PrAda: Few-Shot Visual Adaptation for Text-Prompted Segmentation
Abstract
Few-shot visual adaptation for text-prompted segmentation addresses domain shift challenges through prototype adaptation that combines pixel features and transformer representations.
Segmenting images is critical for visual understanding but demands extensive pixel-level annotations. Foundational models have enabled new paradigms for predicting new classes guided by textual prompts, without annotations from the target domain. Yet, on specialized target domains, far from the original pre-training, their performance degrades. We study the errors of existing methods under such domain-shift, finding that misclassification rather than mask generation is the main culprit. To address this, we introduce the novel problem of Few-Shot Visual Adaptation for text-prompted Segmentation. This kind of adaptation has been largely studied for image classification, but it remains unexplored for segmentation. We tackle this task with Prototype Adaptation (PrAda), a novel, parameter-efficient method that adapts a frozen text-prompted segmentation model.

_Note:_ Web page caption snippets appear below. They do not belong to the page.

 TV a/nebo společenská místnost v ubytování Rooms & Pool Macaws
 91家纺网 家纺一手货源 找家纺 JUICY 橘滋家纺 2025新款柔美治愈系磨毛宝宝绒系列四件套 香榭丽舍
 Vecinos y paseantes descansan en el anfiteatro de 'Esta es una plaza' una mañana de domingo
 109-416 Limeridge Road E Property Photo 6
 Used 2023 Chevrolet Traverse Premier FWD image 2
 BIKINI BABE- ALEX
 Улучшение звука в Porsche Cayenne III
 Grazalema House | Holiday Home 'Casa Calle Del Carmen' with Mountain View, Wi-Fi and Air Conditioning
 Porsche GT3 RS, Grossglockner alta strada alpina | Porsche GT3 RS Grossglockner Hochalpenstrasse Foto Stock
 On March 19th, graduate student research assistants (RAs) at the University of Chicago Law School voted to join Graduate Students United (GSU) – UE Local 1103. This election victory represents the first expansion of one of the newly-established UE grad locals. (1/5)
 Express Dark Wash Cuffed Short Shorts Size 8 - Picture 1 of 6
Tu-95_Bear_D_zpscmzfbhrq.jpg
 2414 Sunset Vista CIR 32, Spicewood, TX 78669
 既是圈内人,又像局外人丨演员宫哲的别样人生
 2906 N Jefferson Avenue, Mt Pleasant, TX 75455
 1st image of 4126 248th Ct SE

Our approach learns class-specific prototypes by combining fine-grained pixel features and high-level transformer representations, which are then fused with the original text-based predictions through a learned importance factor. This preserves the model's zero-shot potential while enabling strong adaptation to new domains. Experiments across semantic, instance, and panoptic segmentation on five benchmarks demonstrate that PrAda yields significant improvements over state-of-the-art and proposed baselines.